Activity
Your copy should match the entries exactly, with no images carried over.
Material for this task Start Marker
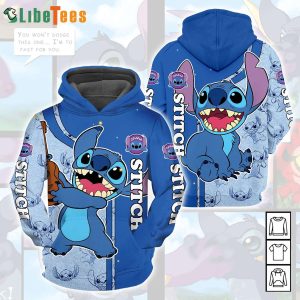 Love Stitch Pattern Disney 3D Hoodie, Gifts For Disney Lovers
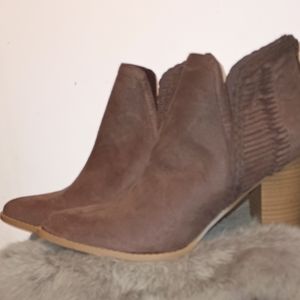 Suede  booties FREE WITH PURCHASE OF BROWN COWBOY HAT!
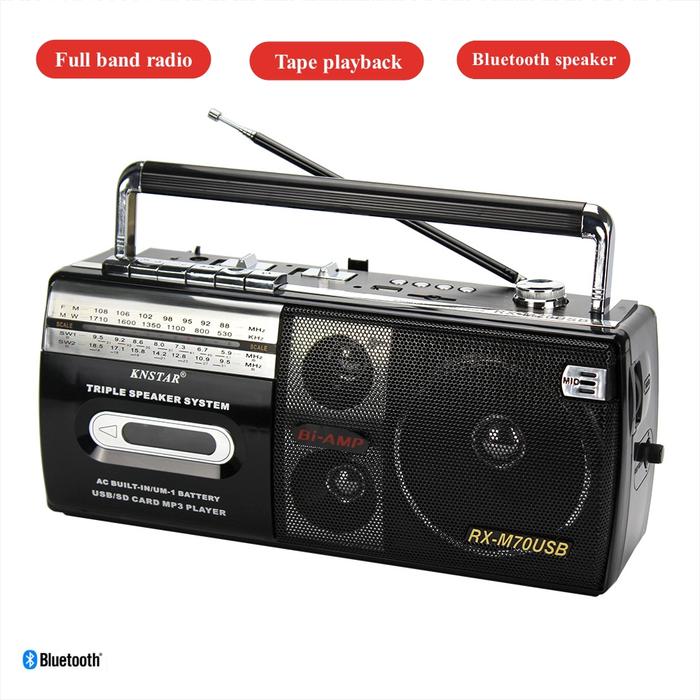 Portable Cassette Recorder Magnetic Tape Player FM/AM/SW Multiband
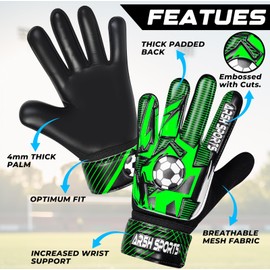Arsh Sports Soccer Goalie Gloves for Kids,Goalkeepe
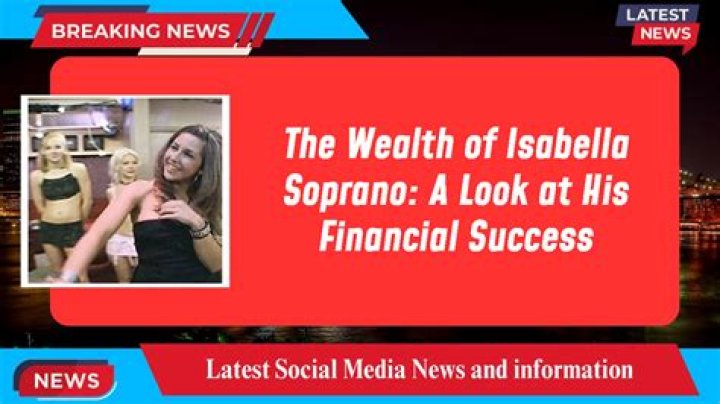 Unpacking the World of Isabella Soprano: A Look Back at Her Career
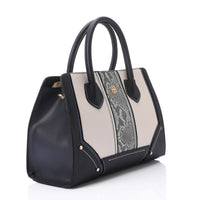 LID-DJTV-025 Stitched Pattern Top Handle Bag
Material for this task End Marker
Answer to this exercise
 Love Stitch Pattern Disney 3D Hoodie, Gifts For Disney Lovers
 Suede  booties FREE WITH PURCHASE OF BROWN COWBOY HAT!
 Portable Cassette Recorder Magnetic Tape Player FM/AM/SW Multiband
Arsh Sports Soccer Goalie Gloves for Kids,Goalkeepe
 Unpacking the World of Isabella Soprano: A Look Back at Her Career
 LID-DJTV-025 Stitched Pattern Top Handle Bag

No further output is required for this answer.